Untuk distro yang dikomersialkan, fitur itu menjadi nilai jual daripada OS yang lain. Karena menurut pengalaman saya sewaktu bekerja di perusahaan yang menggunakan server Windows NT, beberapa kali IT manager menginformasikan akan melakukan restart server. Bila menggunakan Linux, tentu hal itu tidak perlu dilakukan. Inilah nilai jual kernel Linux ketimbang kernel yang lain.
Untuk menutupi “kelemahan” marketing ini, maka kita sebagai user Linux-lah yang harus aktif mencari informasi dari forum-forum kernel Linux atau forum-forum pada distro yang kita gunakan. Pada forum inilah developer bisa mengadopsi feedback dari end user untuk perbaikan kernel atau distro kedepannya agar lebih baik lagi. Inilah yang disebut dengan kolaborasi diantara pengguna Linux.
Dari forum-forum itulah juga yang mendorong patch cepat dilakukan oleh developer. Jadi release patch kernel Linux bisa dilakukan dengan cepat. Misalnya dari versi 3.10.17 ke versi 3.10.18 bisa dikerjakan mingguan. Coba bandingkan dengan OS lain yang memakan waktu tahunan.
Simple
Oleh karena peruntukkan Linux itu bisa digunakan untuk server atau desktop, maka ada distro yang membuat kebijaksanaan untuk membedakan ISO instalernya seperti yang diberlakukan pada Fedora, Red Hat, Suse. Jadi ISO installernya ada yang untuk desktop, server atau cloud. Untuk yang desktop saja juga dibedakan lagi berdasarkan desktop environmentnya, seperti KDE, Gnome, XFCE, LXDE. Ini berlaku khususnya pada ISO installer desktop.
Walaupun begitu, ada juga yang tidak mengikuti kebijaksanaan itu, seperti Slackware. Yang dibedakan hanyalah arsitekturnya saja, yaitu 32 bit atau 64 bit. Inilah bentuk kesederhanaan Slackware. Semuanya bisa dipoles sesuai keinginan Anda. Bila digunakan untuk server, tidak perlu install GUI-nya. Sebaliknya bila digunakan untuk desktop, GUI-nya perlu diinstal. Dengan demikian, maka mendownload ISO Slackware itu mudah tinggal pilih arsitektur mana yang dipilih. Jadi bagi pengguna awal hal itu tidak membingungkan.
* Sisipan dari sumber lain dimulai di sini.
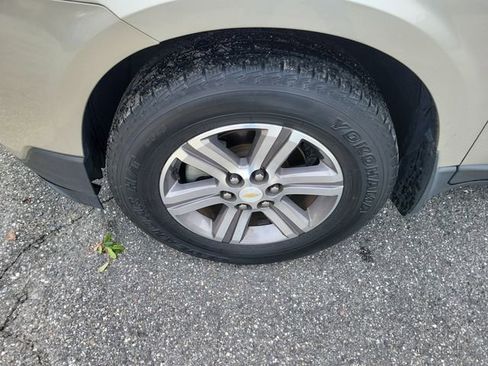 Used 2016 Chevrolet Traverse LT image 5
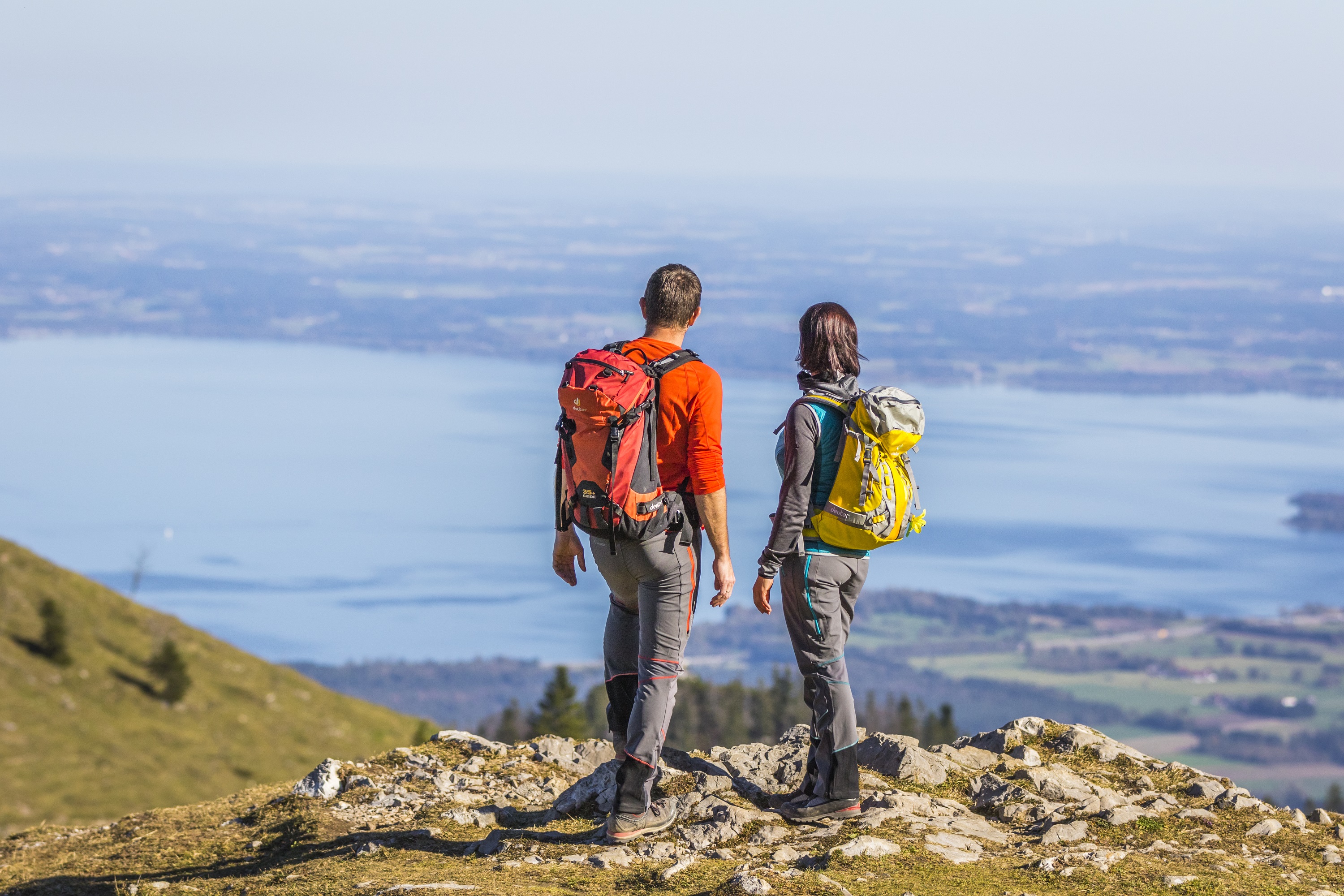 Chiemseeinseln und Kampenwand - den goldenen Herbst genießt man 2025 bei abwechslungsreichen Erlebnissen mit dem „See-Gipfel-Ticket“. Bildrechte: Chiemsee-Alpenland Tourismus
Kalau kita ingin menggunakan Fedora, maka mau tidak mau kita mesti memahami apa bedanya KDE dan Gnome, atau bahkan XFCE dari sisi end user. Sebelum kita mendownload ISO installernya. Oleh karenanya maka sebenarnya, disini Slackware lebih mudah bagi pemula daripada distro yang lain. Inilah kelebihan Slackware: Simple.
Referensi
Sebenarnya manual yang paling baik adalah dokumentasi dari si pembuat software itu sendiri. Akan tetapi bagi pemula hal itu tentu akan membingungkan. Karena ada banyak hal yang dibahas pada manual tersebut. Misalnya manual listing file (man ls), maka ada banyak opsi yang ditampilkan. Bagi pemula itu membingungkan. Akan tetapi sebaliknya hal itu usefull bagi mereka yang sudah expert.
Oleh karena itu maka saya merekomendasikan bagi pemula untuk belajar dari buku The Linux Command Line, karya William Shotts yang bisa di download e-book-nya secara free di linuxcommand.org. Buku tersebut merupakan buku yang Linux centris. Dan membahas Linux command dalam mode text, jadi bisa digunakan pada semua distro Linux. Dengan membaca buku itu, akan menjadi landasan yang kuat untuk Anda dalam melangkah lebih jauh dalam mengeksplorasi Linux. Selamat membaca.
Selamat datang di dunia open source dan open knowledge dimana tidak ada satupun hal yang disembunyikan.